TASK DESCRIPTION: Every line from the start of the records below to the line containing "Invitación de boda de cardo protea monocromo" should be retyped exactly, that line included, and no others.

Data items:
——————————

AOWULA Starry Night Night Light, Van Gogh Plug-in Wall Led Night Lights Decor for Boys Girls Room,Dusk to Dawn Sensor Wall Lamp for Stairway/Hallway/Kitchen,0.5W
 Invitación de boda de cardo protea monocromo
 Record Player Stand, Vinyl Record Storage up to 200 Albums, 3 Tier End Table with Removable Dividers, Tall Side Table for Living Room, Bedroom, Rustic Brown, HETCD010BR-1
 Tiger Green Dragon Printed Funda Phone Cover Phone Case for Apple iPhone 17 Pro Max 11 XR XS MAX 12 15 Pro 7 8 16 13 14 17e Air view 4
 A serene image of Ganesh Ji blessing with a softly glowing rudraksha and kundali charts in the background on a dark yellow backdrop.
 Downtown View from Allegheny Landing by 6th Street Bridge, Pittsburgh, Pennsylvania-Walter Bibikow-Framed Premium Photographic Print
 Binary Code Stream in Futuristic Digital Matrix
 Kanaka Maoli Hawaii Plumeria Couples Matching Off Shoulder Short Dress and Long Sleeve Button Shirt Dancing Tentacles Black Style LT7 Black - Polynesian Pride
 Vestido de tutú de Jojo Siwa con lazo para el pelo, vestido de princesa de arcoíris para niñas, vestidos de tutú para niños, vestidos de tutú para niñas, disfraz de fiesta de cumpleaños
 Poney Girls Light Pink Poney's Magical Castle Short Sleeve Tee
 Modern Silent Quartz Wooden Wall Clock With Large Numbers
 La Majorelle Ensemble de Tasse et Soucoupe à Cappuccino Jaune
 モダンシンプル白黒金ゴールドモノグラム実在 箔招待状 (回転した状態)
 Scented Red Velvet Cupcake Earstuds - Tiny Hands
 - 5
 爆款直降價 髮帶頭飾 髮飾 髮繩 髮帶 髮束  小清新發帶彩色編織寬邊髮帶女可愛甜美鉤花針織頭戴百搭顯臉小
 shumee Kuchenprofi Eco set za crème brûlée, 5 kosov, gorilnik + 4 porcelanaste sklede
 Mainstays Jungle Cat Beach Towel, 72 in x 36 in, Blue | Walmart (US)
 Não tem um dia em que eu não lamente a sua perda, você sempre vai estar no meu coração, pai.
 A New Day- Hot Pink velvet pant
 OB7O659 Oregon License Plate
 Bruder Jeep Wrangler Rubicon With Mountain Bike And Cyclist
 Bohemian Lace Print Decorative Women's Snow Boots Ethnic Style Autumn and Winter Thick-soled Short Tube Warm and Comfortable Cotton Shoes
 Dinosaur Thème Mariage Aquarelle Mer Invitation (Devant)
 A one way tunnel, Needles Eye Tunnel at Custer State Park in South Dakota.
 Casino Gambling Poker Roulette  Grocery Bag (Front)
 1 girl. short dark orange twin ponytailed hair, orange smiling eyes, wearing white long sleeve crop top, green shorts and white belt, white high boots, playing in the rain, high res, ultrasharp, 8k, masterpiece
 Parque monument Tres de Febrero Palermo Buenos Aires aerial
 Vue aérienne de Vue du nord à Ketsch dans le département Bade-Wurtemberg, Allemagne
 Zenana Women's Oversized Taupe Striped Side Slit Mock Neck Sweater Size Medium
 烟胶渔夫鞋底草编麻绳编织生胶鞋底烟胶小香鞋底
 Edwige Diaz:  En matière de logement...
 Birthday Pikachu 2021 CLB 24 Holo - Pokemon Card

——————————

ANSWER TO THIS TASK:
AOWULA Starry Night Night Light, Van Gogh Plug-in Wall Led Night Lights Decor for Boys Girls Room,Dusk to Dawn Sensor Wall Lamp for Stairway/Hallway/Kitchen,0.5W
 Invitación de boda de cardo protea monocromo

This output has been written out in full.